Data supplied:
======
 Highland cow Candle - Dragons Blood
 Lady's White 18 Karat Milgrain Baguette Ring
======
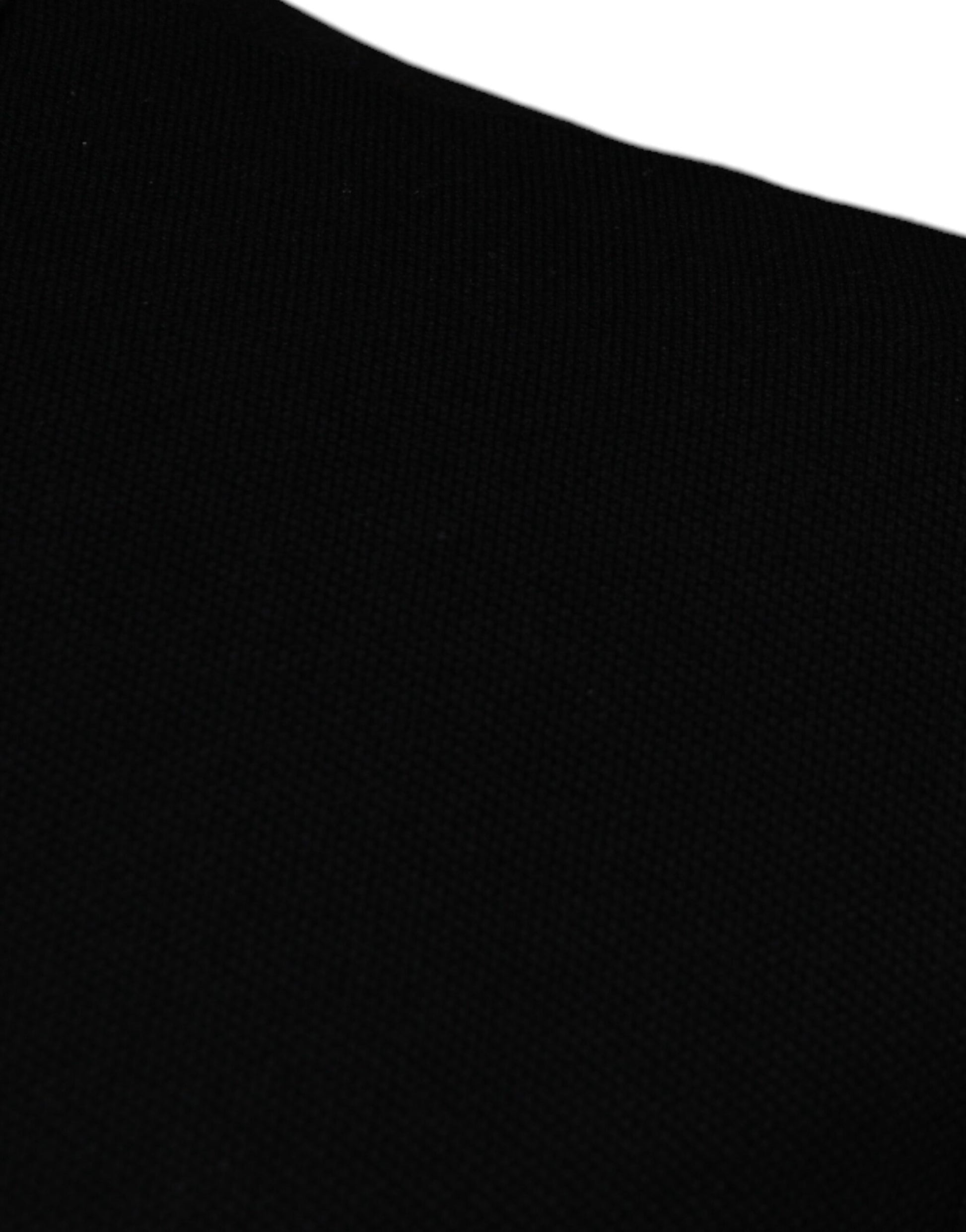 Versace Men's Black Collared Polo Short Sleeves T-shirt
======
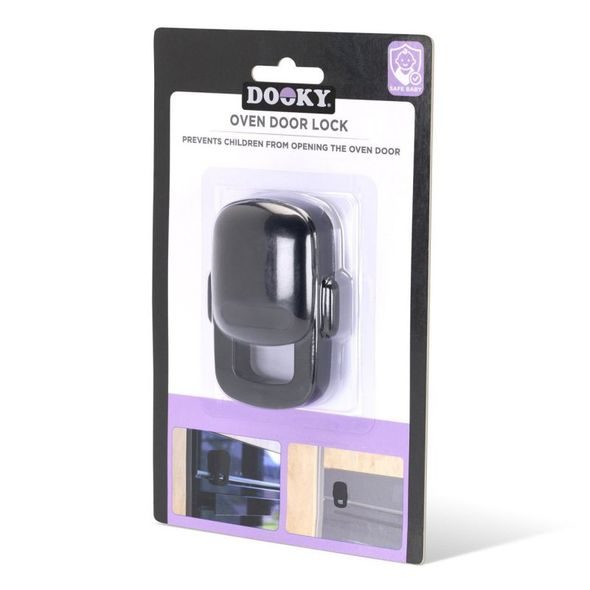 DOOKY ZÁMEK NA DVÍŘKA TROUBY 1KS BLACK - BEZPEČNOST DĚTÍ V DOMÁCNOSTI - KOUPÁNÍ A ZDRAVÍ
======
What is required: Where the data above reaches the line holding "Highland cow Candle - Dragons Blood", begin printing, and stop after the line holding "Lady's White 18 Karat Milgrain Baguette Ring". Each line must be reproduced exactly, with nothing else added.

Response area:
 Highland cow Candle - Dragons Blood
 Lady's White 18 Karat Milgrain Baguette Ring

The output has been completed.